The listing must be copied out in full and exactly; no images go with it.

▸ **SOURCE MATERIAL**:
■ ■ ■ ■ ■

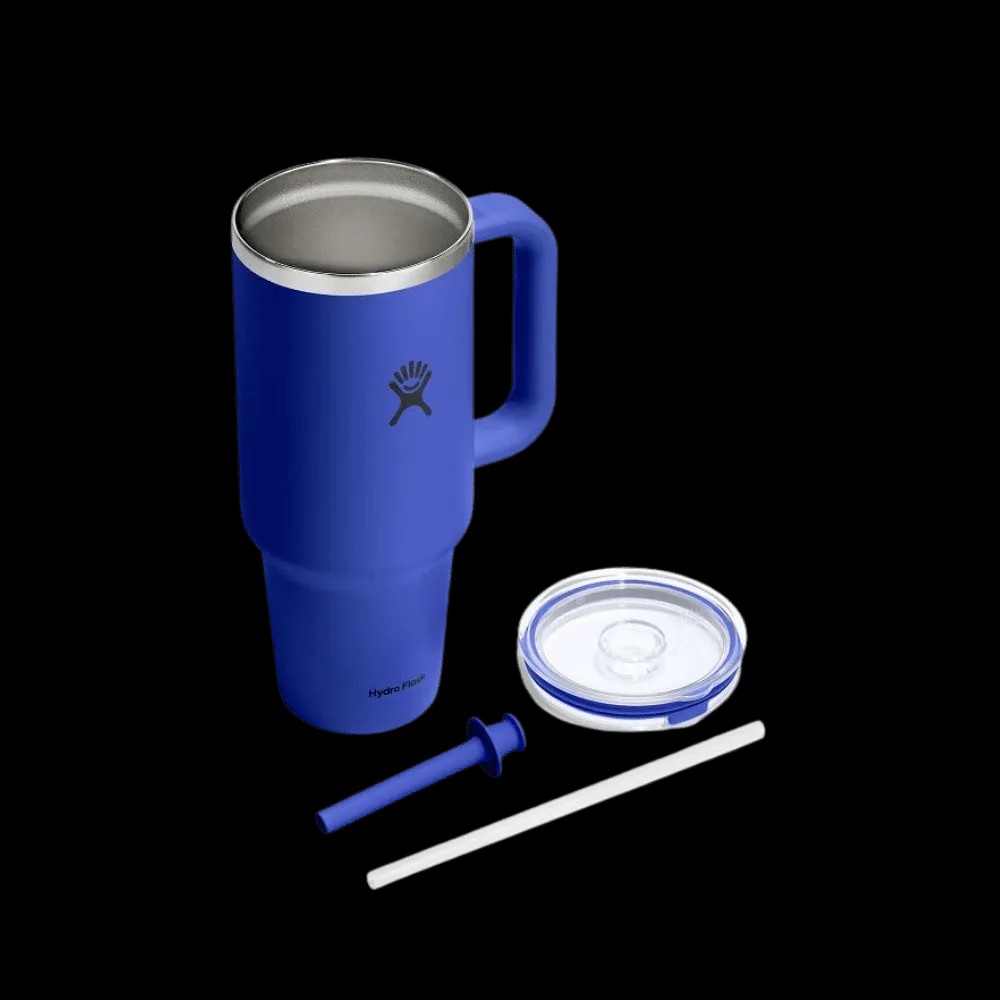 Hydro Flask 24 oz Travel Capri Blue - HypeFly India View 3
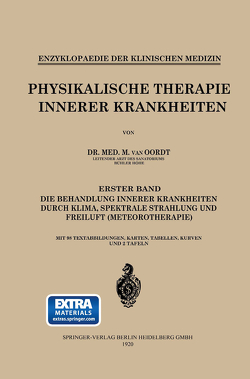 Physikalische Therapie Innerer Krankheiten von Langenstein,  Leo, van Oordt,  M. J., van Oordt,  Marinus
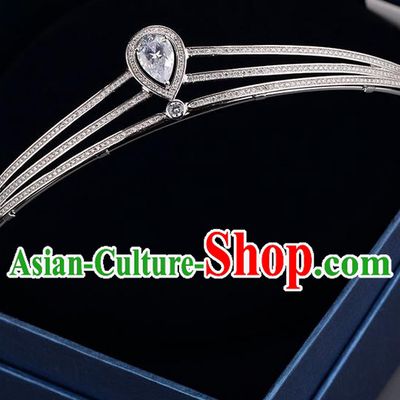 Traditional Jewelry Accessories, Palace Princess Bride Royal Crown, Engagement Royal Crown, Wedding Hair Accessories, Baroco Style Zircon Headwear for Women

■ ■ ■ ■ ■

▸ **EXERCISE SOLUTION**:
 Hydro Flask 24 oz Travel Capri Blue - HypeFly India View 3
 Physikalische Therapie Innerer Krankheiten von Langenstein,  Leo, van Oordt,  M. J., van Oordt,  Marinus
 Traditional Jewelry Accessories, Palace Princess Bride Royal Crown, Engagement Royal Crown, Wedding Hair Accessories, Baroco Style Zircon Headwear for Women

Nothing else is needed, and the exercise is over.